Picture above: Lingering snow patches amid the erosional landscapes at Landmannalaugar in late June (photo © Katie Featherstone).

Summary

Four hours drive east of Reykjavík, the Fjallabak nature reserve is home to no one, but lies deep in the hearts of many. Here in the hills of Iceland, the seasonal transients arrive in June, helping prepare the simple accommodation to welcome summer hikers. Katie Featherstome describes a season at Hrafntinnusker, a remote mountain hut on the hiking trail known as the Laugavegur.

I busy myself making coffee, as the volunteers of the search and rescue team pile into the lobby of the warden’s hut. This is Hrafntinnusker, a remote mountain hut on the Laugavegur Trail in Iceland’s hill country.

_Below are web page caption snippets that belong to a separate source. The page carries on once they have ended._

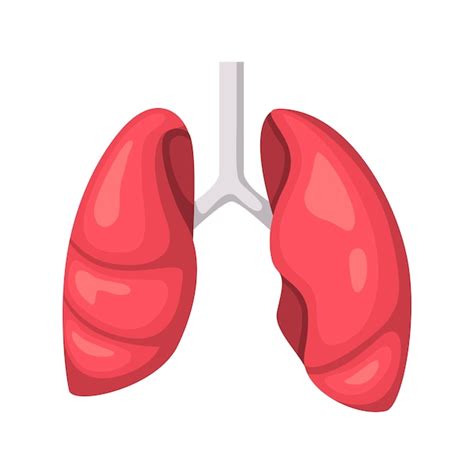 Premium Vector Lungs Icon Design Illustration Vector Design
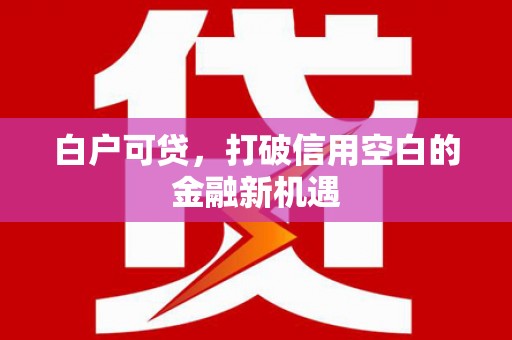 旅顺口白户可贷，打破信用空白的金融新机遇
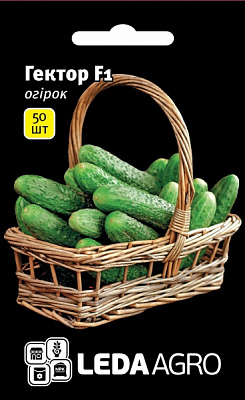 Насіння LedaAgro огірок Гектор F1 50 шт. (4820119791431)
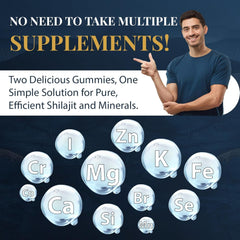 Daily dose of two Shilajit gummies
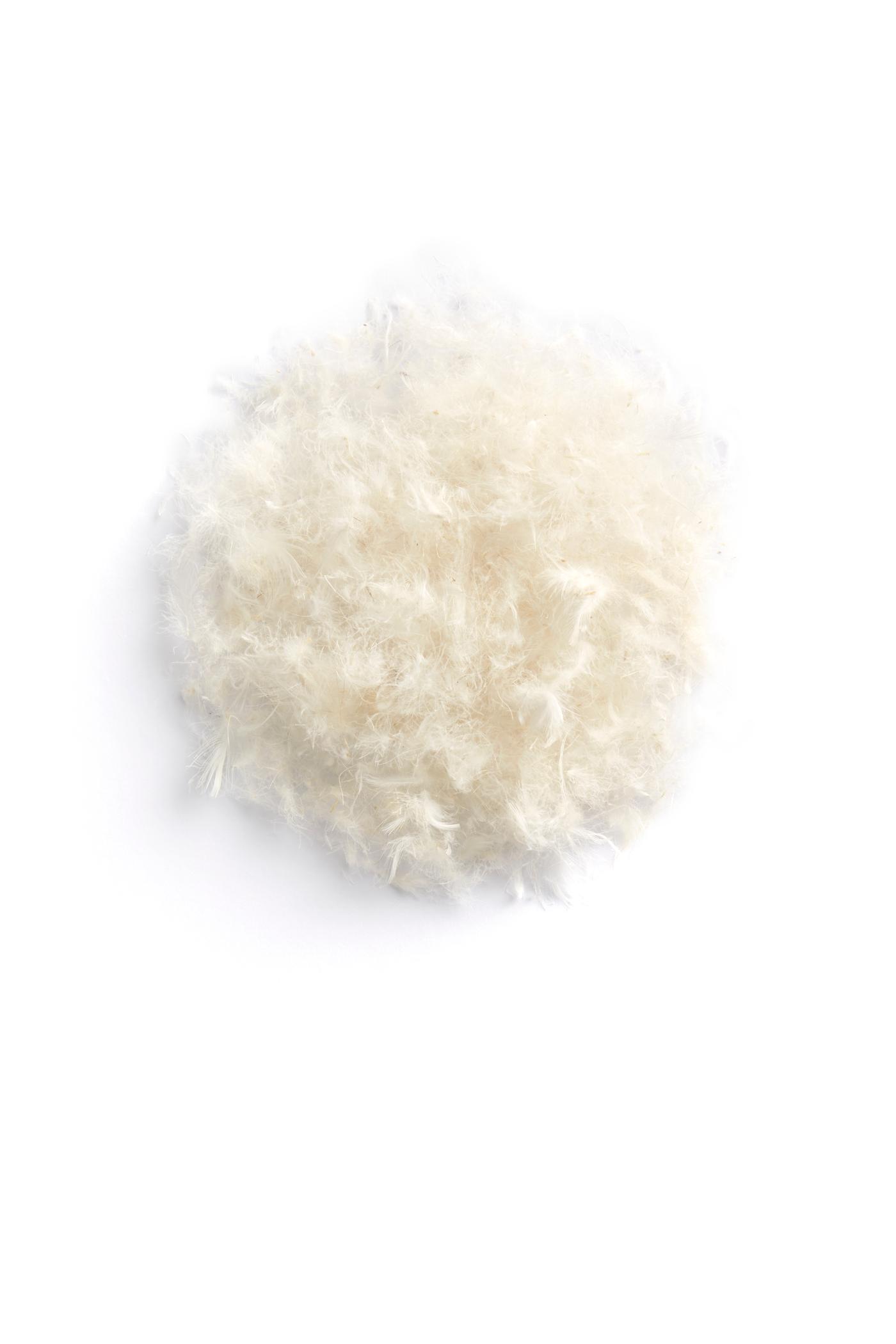 Kuvassa on tyynyn täytteenä käytettävää höyhentä ja untuvaa.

The volunteers pass the shoehorn around as they tug off their boots, and they peel themselves out of the top layer of their uniform — blue and red, the colours of the Icelandic flag, and well designed to protect them in a blizzard. I catch scraps of their conversation, discussing the conditions on the route. Wet snow around the back of the mountain had made it slow going, even for their monstrous super-jeeps.

Each week of the summer, a different search and rescue team positions itself twelve kilometres away at Landmannalaugar, a spot which in highseason can even be reached on a direct bus from Reykjavík. The rescue volunteers spend that week on call, ready with their big jeeps, their radios and other kit to respond to the numerous, inevitable misfortunes of the season.

As mountain hut wardens, we rely on these dedicated volunteers to find missing hikers, and to come to assist us when the hut’s first-aid kit isn’t sufficient to help someone on their way. On this particular occasion, the visiting squad from Landmannalaugar have come up to Hrafntinnusker just for fun or, as it will be recorded in their official log: “a reconnaissance mission to test out the route.”

I ask Eyþór, a volunteer in his early twenties who’s currently donning a thick, hand-knitted lopapeysa, why he chooses to spend his holidays working here with the search and rescue teams.

“Big cars,” he half jokes. Then, after a pause, he adds with genuine sincerity: “It’s interesting to work with people with different experiences and from varied fields of work, to see how we can combine our strengths to reach a common goal.”

The man who manages the team of wardens at the huts is Stefán, and he also happens to be a member of a search and rescue squad. That is fairly typical of how things work in the Highlands. Many people have multiple roles.